If you are a small business, creating an operating agreement may seem like overkill, but it’s absolutely necessary — not to mention a legal requirement in most states.
As your business grows, you’ll need guidance, and you should be able to turn to your operating agreement. If you and your partners negotiate and decide on everything in the beginning, then you’re likely to experience less chaos and fewer disagreements when your company hangs in the balance.
Creating a clear-cut ownership structure
The most common reason for a new venture to fail can be boiled down to discord among the partners. The thing is, starting a new venture is exciting . . . especially that initial idea phase, where you start painting a picture of the brilliant future that awaits you and your partners.
Usually it transpires somewhat like this: A few friends are together and one has a seed of an idea. He tells his buddies and then it steamrolls. Ideas are excitedly thrown into the mix, some are tossed, and others are kept — until a rough blueprint for a business model has been fleshed out. Sometimes this happens over a few hours, and sometimes the process takes months.

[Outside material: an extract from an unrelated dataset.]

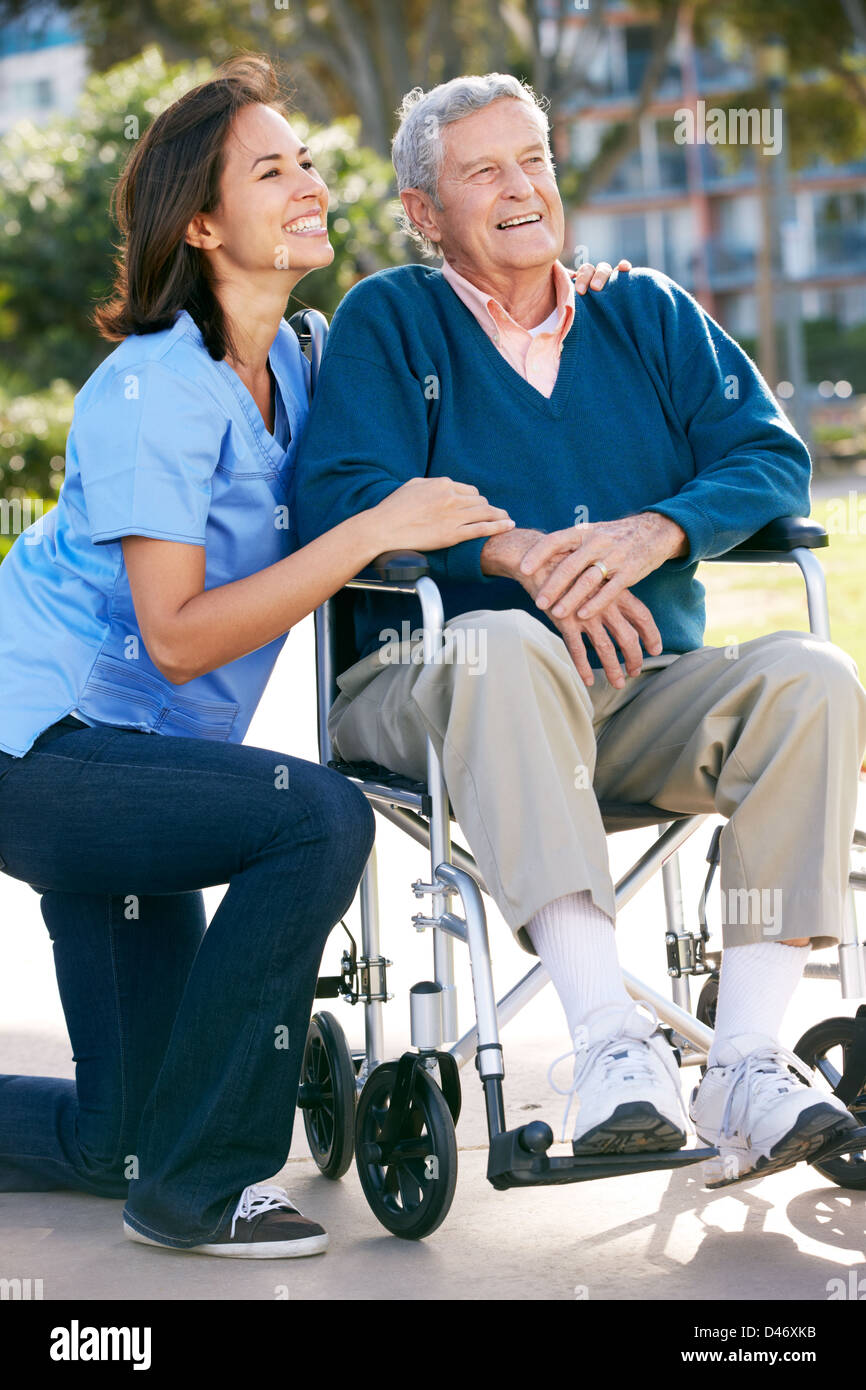 Carer Pushing Senior Man In Wheelchair Stock Photo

Regardless, when a plan finally comes together, everyone is excited to jump on board the moving train. It’s usually at this stage that most failed startups set up their eventual demise.
Here’s the rub: Everyone is equally excited, and everyone took equal part in the business planning, so everyone should share equally in the ownership of the business, right?
Wrong. Business ideas don’t hold much value — they aren’t even patentable — it’s the execution of those ideas that matters. That is where the ownership needs to be distributed. You need to take an accurate count of what every owner will be contributing and then structure the ownership of your LLC to support those contributions.
You need to have built-in safeguards for accountability — in other words, if a partner doesn’t deliver what she promised, she doesn’t get the membership shares.
You need to keep in mind that this is one of the core functions of your operating agreement.
LLCs can have different classes of membership, so all members don’t have to be treated the same. Some members can get voting rights while others have to remain silent. Some members can also be managers and take charge of the company’s day-to-day operations, while others can only watch from afar.
Also, some members have certain powers that are inherent to owning the company, such as deciding who manages the LLC and whether to accept new members.
Assigning manager titles and duties
Regardless of whether your LLC is manager-managed or member-managed, the managers need boundaries and guidelines. Even if you are the only manager and you want unlimited decision-making power, you need to allow for this in your company’s operating agreement.
Some states require it by law, but regardless — it will keep you out of trouble when one of your non-managing partners contests that lease agreement you entered into or that building you purchased.
Forming your operating agreement is the perfect time for you and your partners to sit down and delineate all the specific roles and titles that each manager will take on.
For instance, one manager may be great at numbers and will take on the role of chief financial officer, whereas another manager may have a solid vision of the company and is the person to lead the others on the path to success — this person can be named president or chief executive officer.
In certain situations, you may also want to consider adopting the “corporate” management structure for your LLC. This structure comes with the preset roles of President, Secretary, Treasurer, and Director.
One example of where this may be helpful is if you have an investor who wants the immediate tax deduction that an LLC can offer (assuming the LLC doesn’t bring in a profit its first year), but prefers the traditional management structure of a corporation.
Keep in mind that although managers are legally called managers by the state, they can have whatever titles they want. So, even if you don’t elect the full corporate management structure, don’t think you’re missing out on the title of president or CEO if you’re forming an LLC!